What is the truth worth when hope is already dead?
Innocent Lies is available on Amazon and Kindle Unlimited.
Reader reviews of Innocent Lies
"The central, tragic love story is by turns heartbreaking, shocking and deeply touching. Told partly in the present, and partly in flashback to earlier events in the lives of a teenage couple who are vulnerable, streetwise, in love, and in terrible danger from a human trafficking gang."
"Colin Ward has created a compelling and credible DI in Mike Stone. A hard-bitten but intelligent detective who knows who his friends are, as well as his enemies. As gripping and compelling a read as you are likely to find from any up and coming new writer. It gets top marks for my money."
"So shocking and brutal in content, I love the gentleness and warmth of the thread of innocent teenage love weaving its way through the violence. Touches of humour between Detective Mike Stone and sgt. Pearson give a lightness to this dark tale, a necessary read in today’s society.
So thought provoking, could not put it down until that final line of truth."
Ice-cold wind rocked the girl as she sat on the railing, clutching the lamppost with one hand.
Her other arm cradled the newborn.
Tears rolled down her face as misty rain drenched her from head to toe. She stared down at the tiny, wrinkled face wrapped safely in the makeshift sling.
Flickers of blue danced from each edge of Galton Bridge. Radios crackled and worried voices muttered. Everyone was keeping back.
‘I know it seems scary now, but you won’t have to face this on your own.’
The girl didn’t look up from the baby cradled in her arm. Her tears cut through the rain on her cheeks.
The officer crept closer. ‘We just want you both safe.’
‘There is no safe,’ the girl replied, with a strong Albanian accent.
‘Whatever you need me to do, I will do it. For you, and that little one.’ The officer fought to keep her voice confident.
‘Please, leave me. Let us go.’
The girl’s sobbing grew stronger, rocking her more on the railing nearly one-hundred-and-fifty feet over the canal water.
Her grip on the post was unsteady.
The officer edged forward, speaking in softer, maternal tones. ‘You’ve wrapped the little one up safe and warm. So beautiful.’
‘You don’t understand.’
‘I want to.’
A radio crackled demands, and the girl shuddered. The officer flung it behind her with a single whip of her arm. It clattered to the ground. A dark figure in the distance slammed a hand on a car roof.
Taking another cautious step, the officer lowered her voice.
‘It’s just me and you. I don’t know what’s happened, but I want to. Please, let me help you. Both of you. Beautiful baby, beautiful mummy.’
‘I am beast.’
‘Look at your beautiful baby.’
‘I cannot live this more.’
‘You can. Listen to your heart. You both have a whole life ahead of you, together.’
She looked into the officer’s eyes. ‘It too late. Everything is gone. Hope is gone.’
The officer moved another step, shifting to balance her weight as she took a deep breath to steady her voice. ‘Let’s talk? You and me. Your arm must be aching. We can hold baby. Keep her safe.’

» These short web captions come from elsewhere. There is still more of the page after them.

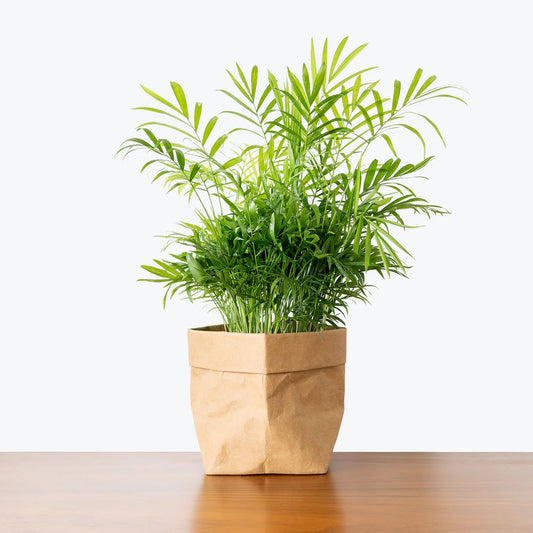 Parlor Palm Plant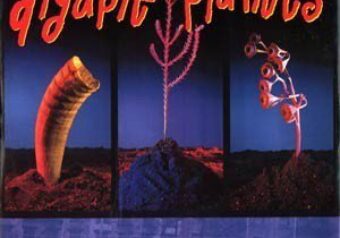 Digable Planets — Rebirth Of Slick (1993)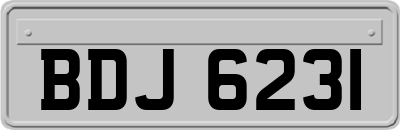 BDJ6231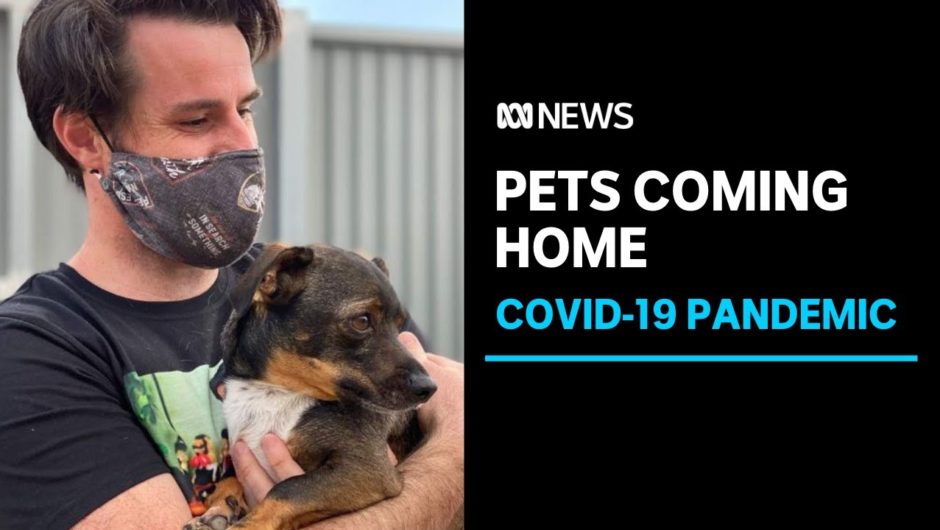 Pets stranded overseas due to COVID-19 reunited with their families in Australia | ABC News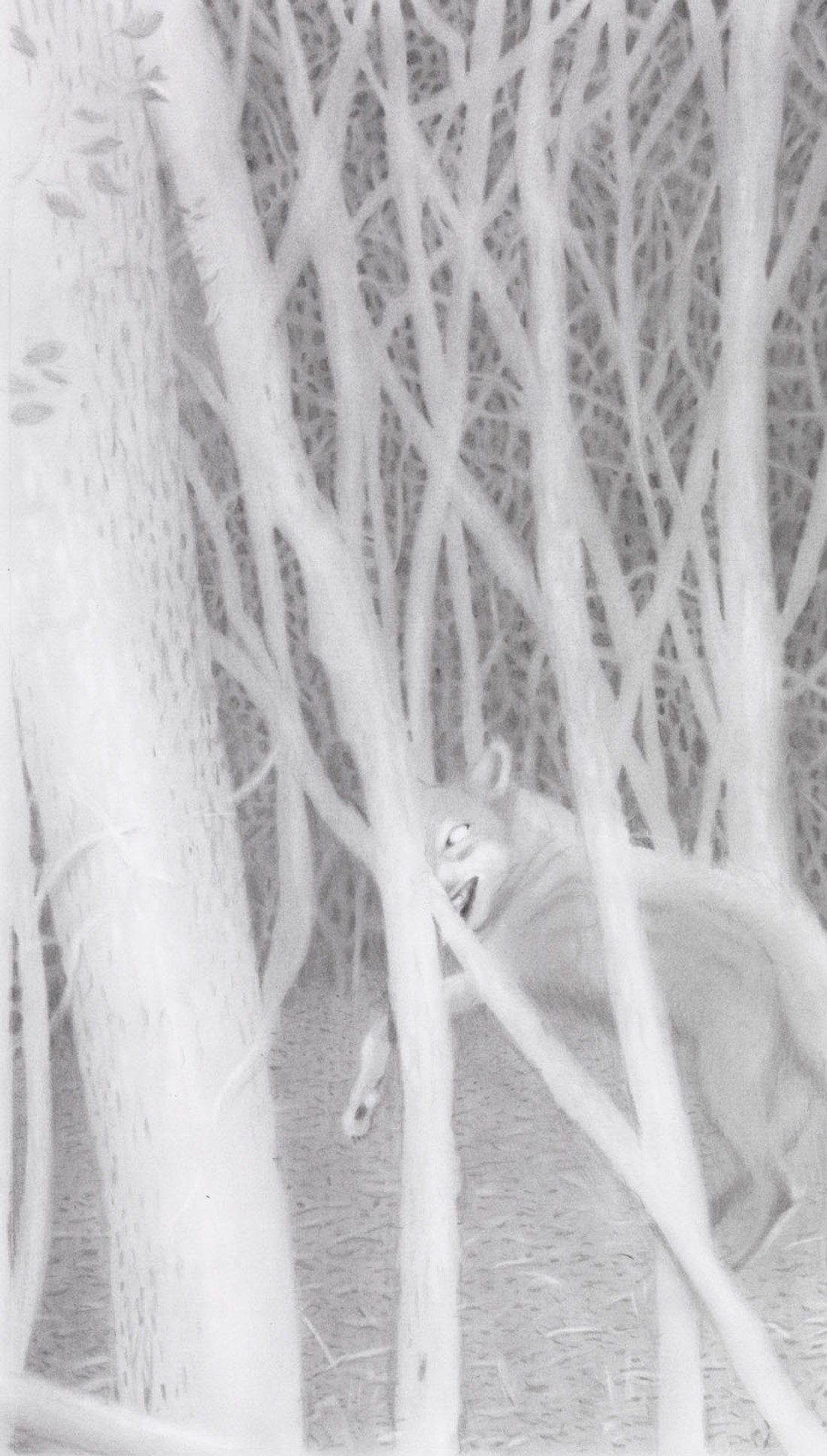 Maureen Paley – James Pyman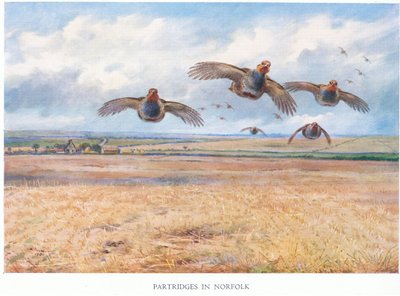 Partridges in Norfolk by Archibald Thorburn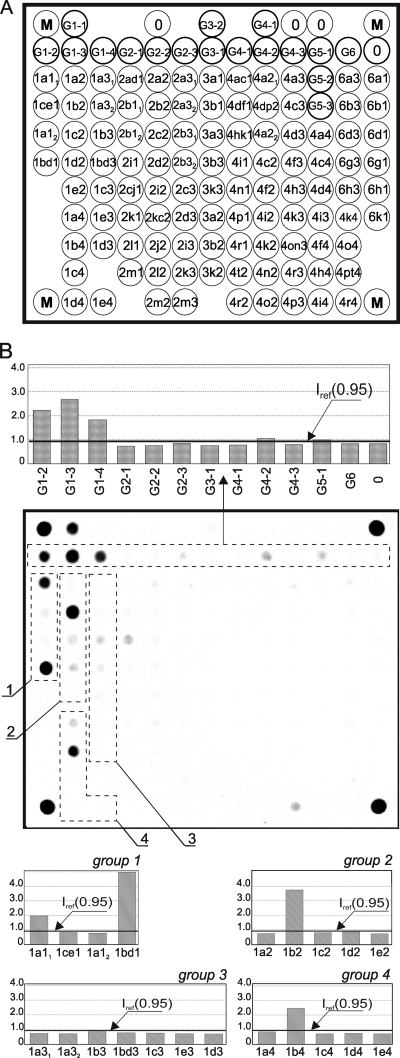 FIG. 2.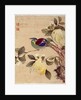 One of series of paintings of birds and fruit, late 19th century by Guochen Wang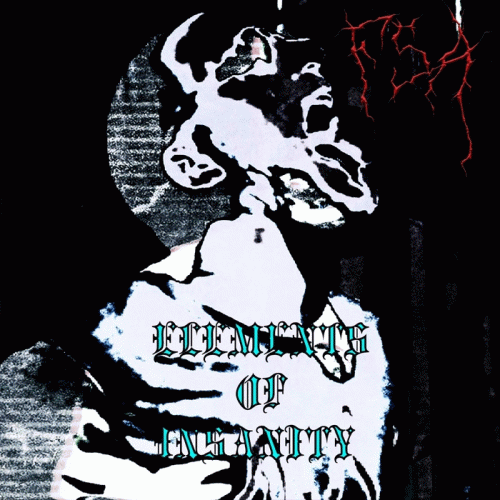 Fragmentary Solid Abyss : Elements of Insanity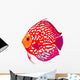 Red Leopard Discus Fish Wall Decal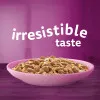  Whiskas Kitten Wet Cat Food 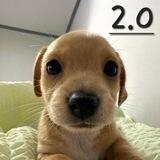 BILLY 2.0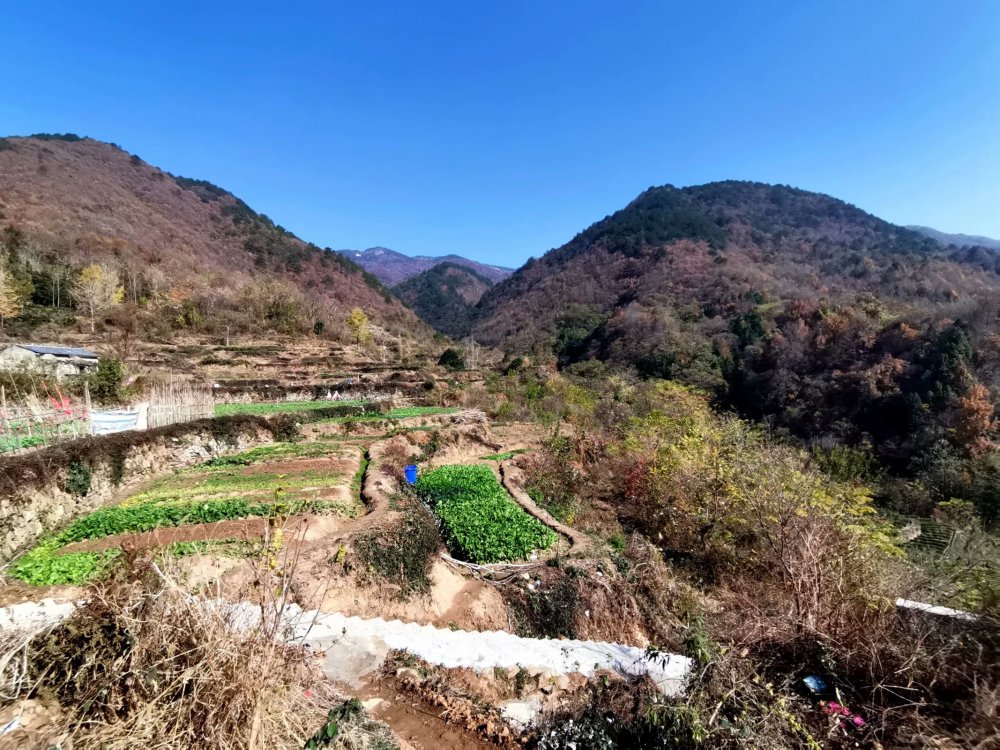 武汉抗战第一村——黄陂区姚家山村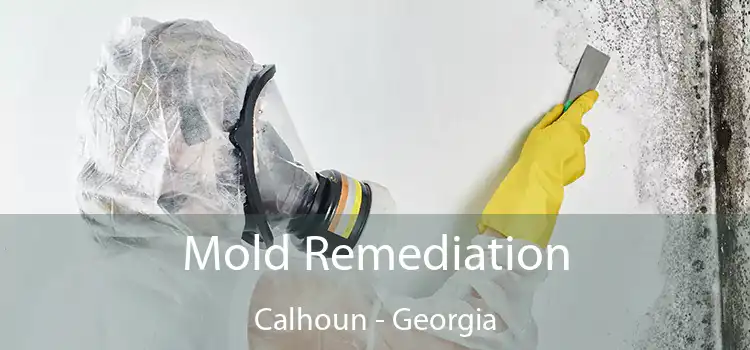 Mold Remediation Calhoun - Georgia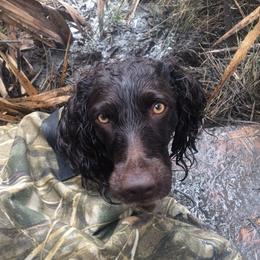 Scarlett - Boykin Spaniel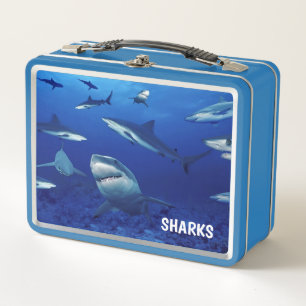 Lunch Box-Sharks Metal Lunch Box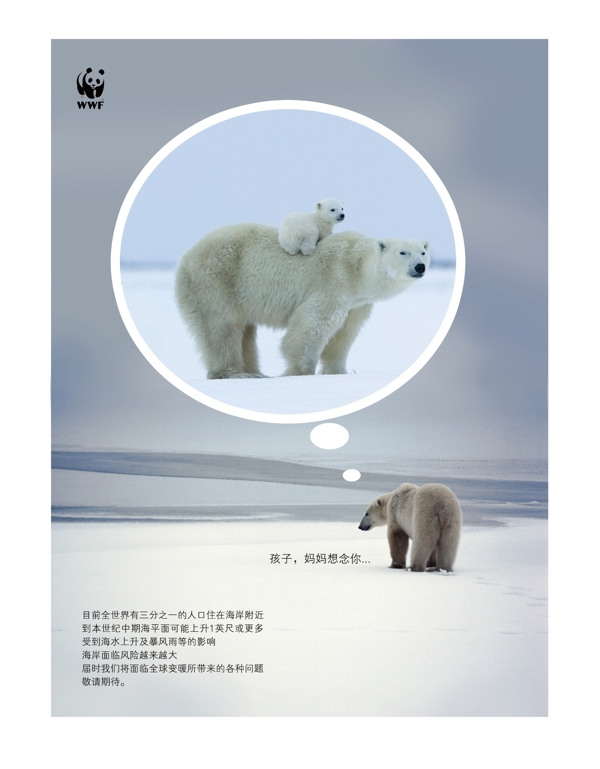 公益广告北极熊图片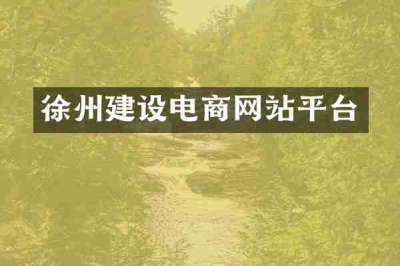 徐州建设电商网站平台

The girl looked at the officer and something changed. Her whole body sagged, and a sigh deflated her entire being. Her long, dark hair framed a deathly white complexion in the moonlight. Her lips were almost blue from the icy wind.
She moved her shoulder, turning on the railing to point the tiny baby bundle towards the officer.
Taking the cue, and waving over to another to assist, the officer moved closer. ‘Let’s get baby into the warm.’
The officer reached towards the girl and had to make a split-second decision. She wanted to lurch and pull them both back to safety but had to keep everything calm.
It was too wet for sudden movements.
There was no way she could take any risks with the baby in the girl’s arms.
A uniformed officer approached and waited for the infant to be passed. She was keeping a close watch of the girl, whose grip on the lamppost was getting looser with every second. There was a glance between the two officers who shared the plan with just a nod.
The baby was passed between them like a porcelain doll.
The girl reached up to her neck and gripped a crudely made leather necklace. A tiny half-heart shape glistened in the flickering lights.
She kissed it.
The officer turned back with a smile. She reached out a hand. It was a mother’s hand, held out to a child in danger. A child in pain.
The girl looked deep into the officer’s eyes and reached
out, speaking softly through her tears.
She dropped the necklace into the officer’s hand as she
let go of the lamppost with a gentle push.